Nagios is a widespread open-source monitoring tool used for supervising infrastructure, such as servers, network devices etc. It is highly customizable and has a huge community of users worldwide. This guide will not go into depth about Nagios itself.
The basic steps to a Nagios installation are the following:
For each device which is to be monitored by Nagios, a host has to be added to the config. Hosts are the main objects within Nagios. Each host has a host-alive-check, which is a basic check done by Nagios to see if the device is physically reachable (usually a 'ping'). All additional checks are called services and need to be configured separately, and then assigned to hosts.
Nagios allows hosts and services to be grouped to hostgroups or servicegroups for a better overview. Nagios also allows hosts and services to have parent-hosts or parent-services.

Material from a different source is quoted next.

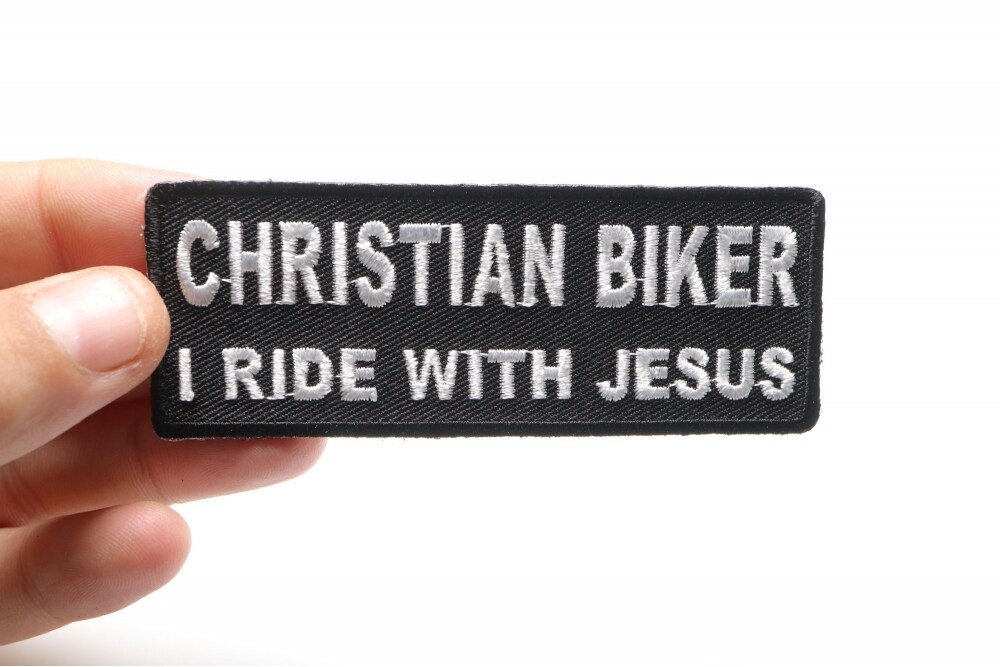 Patch, Embroidered Patch (Iron-On or Sew-On), Christian Biker I Ride With Jesus, 4&#x22; x 1.5&#x22;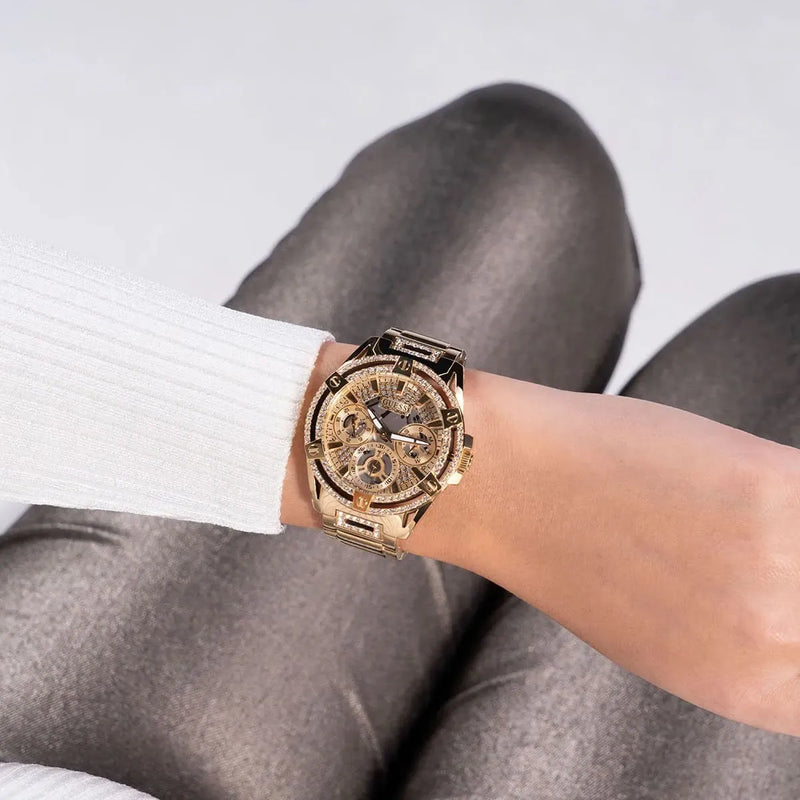 Shop Guess Queen Quartz Gold Dial Gold Steel Strap Watch For Women - GW0464L2 in USA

If one of the parents fails, any events triggered by underlying objects will be correlated (e.g. ignored).
There is a physical limit to the amount of services that one Nagios instance can monitor. Using certain plugins, it is possible to set up a distributed Nagios hierarchy. Certain servers within the structure are then resposible for actively checking the devices. These servers are called collectors.
The results they gather are then forwarded to a central server, which runs the web-interface. This server is called the monitor server. It is typically also responsible for sending out alarms. The monitor can also be configured to check for stale services, meaning that alarms will be trigerred, if a collector fails to send new information about a device for a specific amount of time (passive checking).